• _WORK TO COMPLETE_
Keep the images out while you set down the data exactly.
[[ DATA EXTRACT open ]]
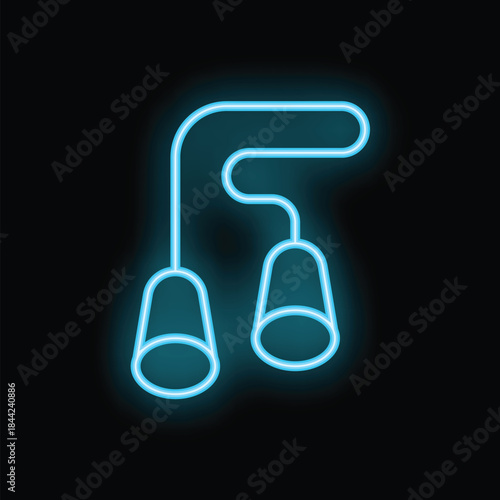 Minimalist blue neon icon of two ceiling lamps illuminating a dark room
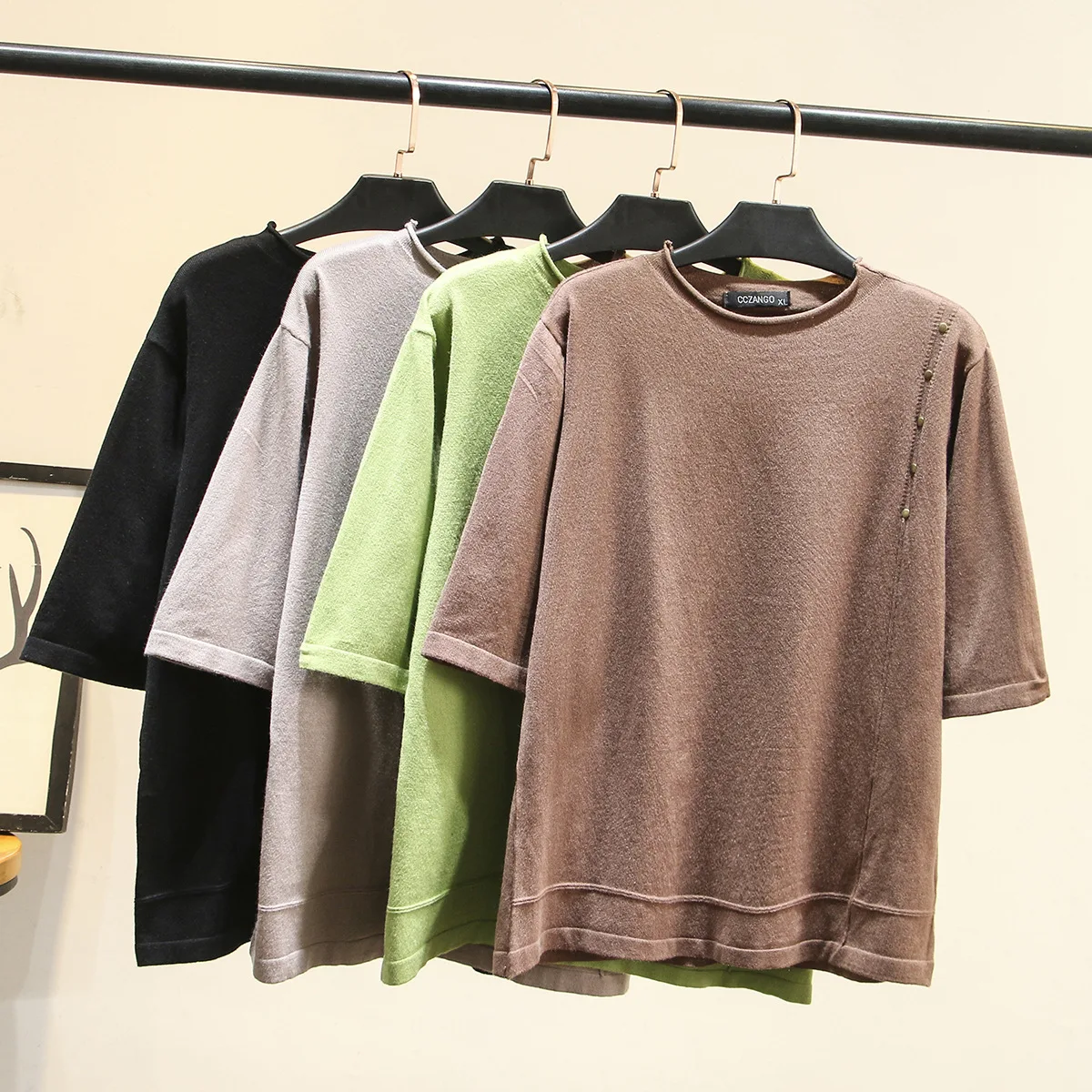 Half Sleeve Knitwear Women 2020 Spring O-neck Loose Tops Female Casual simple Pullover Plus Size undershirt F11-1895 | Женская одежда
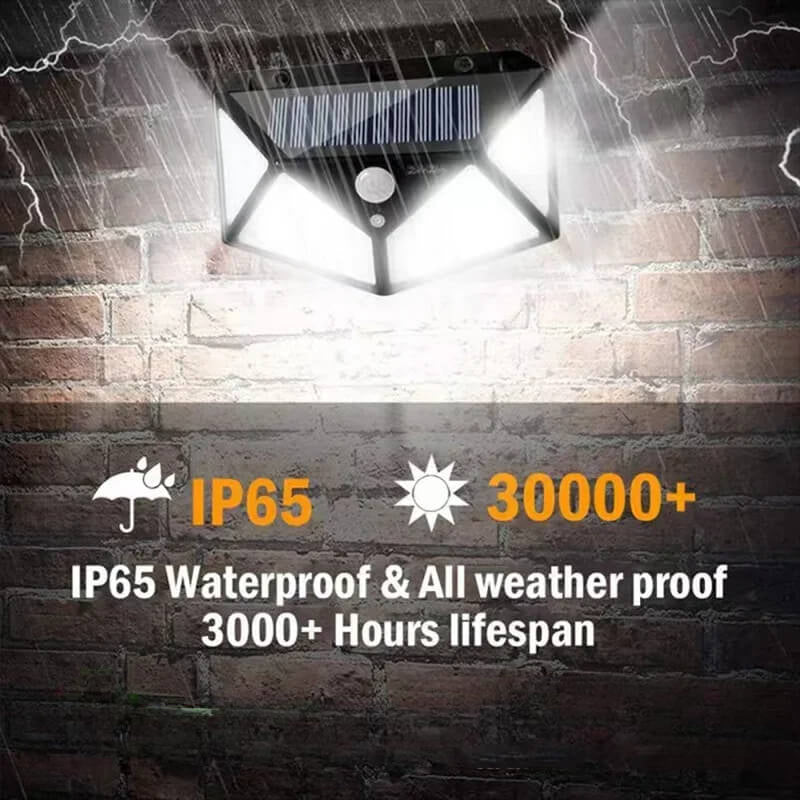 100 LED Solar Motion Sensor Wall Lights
[[ DATA EXTRACT closed ]]
• _TASK RESULT_
 Minimalist blue neon icon of two ceiling lamps illuminating a dark room
 Half Sleeve Knitwear Women 2020 Spring O-neck Loose Tops Female Casual simple Pullover Plus Size undershirt F11-1895 | Женская одежда
 100 LED Solar Motion Sensor Wall Lights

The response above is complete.